The formula is (the interest rates for year 1 + year 2 + 0.4) / 2. Using Standard Chartered HDB loan as an example, the numbers are (2.75 + 3.25 + 0.4)/2 = 3.2 per cent.
Refinancing does not result in huge savings but it is worth it since the refinancing rates are lower than the alternative of paying the year 3 interest rates. On average, the savings is about 0.3 per cent. It means the savings is $750 per year for each $250K borrowed. For a $500K loan, the savings would be $1,500 per year.
HDB's rates are cheapest
HDB's 2.6 per cent concessionary rate loans are cheaper than any bank rates. They also have these 4 advantages:
a. HDB is considered to be more helpful should you hit on hard times and default on your home loan.
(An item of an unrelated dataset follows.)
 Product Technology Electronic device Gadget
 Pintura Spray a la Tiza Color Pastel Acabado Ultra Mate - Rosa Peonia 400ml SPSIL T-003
b. HDB adjusts interest rates slowly. This is helpful when rates are rising, as they are now.
c. HDB loans give flexibility. It is easy to take an HDB loan then switch to a bank loan. But you cannot take a bank loan and later refinance it with an HDB concessionary rate loan.
d. CPF rules require that bank borrowers pay 5 per cent of an HDB flat's purchase price in cash (from Jan 1, 2006). HDB loans do not have this cash requirement.